Everybody once wanted to be a cowboy, so why doesn’t the public seem to connect that heroic figure with modern beef production?
This was the question posed by Wayne Morgan, president of protein products and sustainability for Golden State Foods, during one of the first sessions on Wednesday at the Cattle Industry Conference and National Cattlemen’s Beef Association (NCBA) Trade Show in San Antonio, Texas. Morgan discussed the importance of the public perception of the beef industry, challenging attendees of the popular NCBA Cattlemen’s College to consider how they can effectively communicate facts about beef production to consumers.
“People no longer view the cowboy as somebody out there protecting the land and taking care of the animals. They think of some kind of corporate farm or big machine that’s making all the food that they (eat).
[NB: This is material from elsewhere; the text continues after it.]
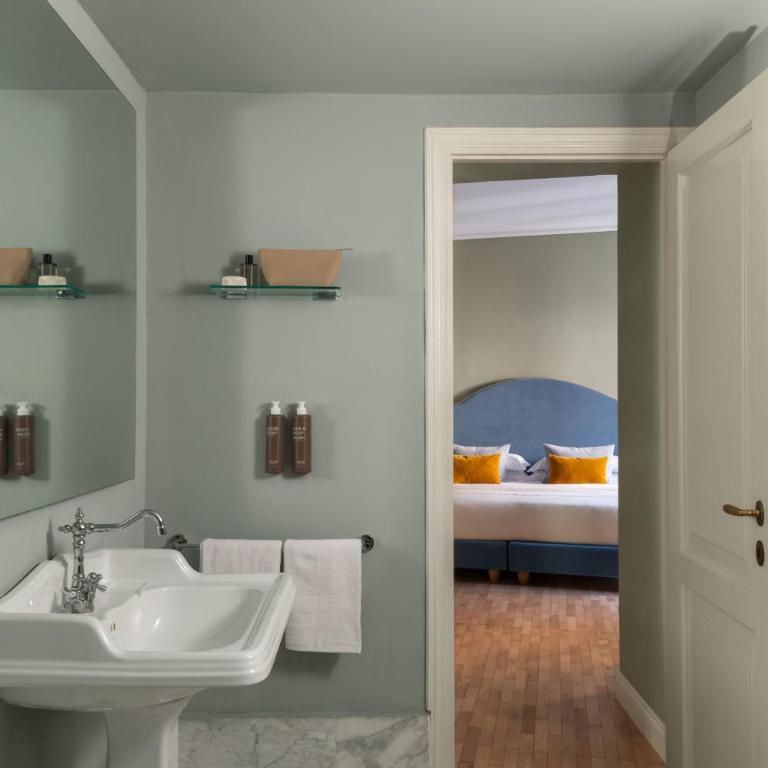 Hotel City Palazzo Dei Cardinali - Suite Junior - 8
They’ve forgotten or they don’t realize that it’s families — it’s individual cattlemen and cattlewomen out there doing this job every day that serves the food up on their plate,” said Morgan. “How do we bring them back into the fold and let them realize the great things that are being done there?”
Like many food service companies throughout North America, Golden State Foods is facing numerous questions about sustainability from its customers. The topic is being discussed more frequently in all sectors of agriculture, and it’s not something to take lightly, Morgan said. If sustainability is important to your clients, it must be on your radar.
“We all answer to our customers, and if you don’t believe it you’ll watch your customers leave,” he said. “They will find somebody who’ll answer for them, whether it’s a competing protein of pork or poultry, or it’s plant-based proteins. People will find someone who’ll listen to them.”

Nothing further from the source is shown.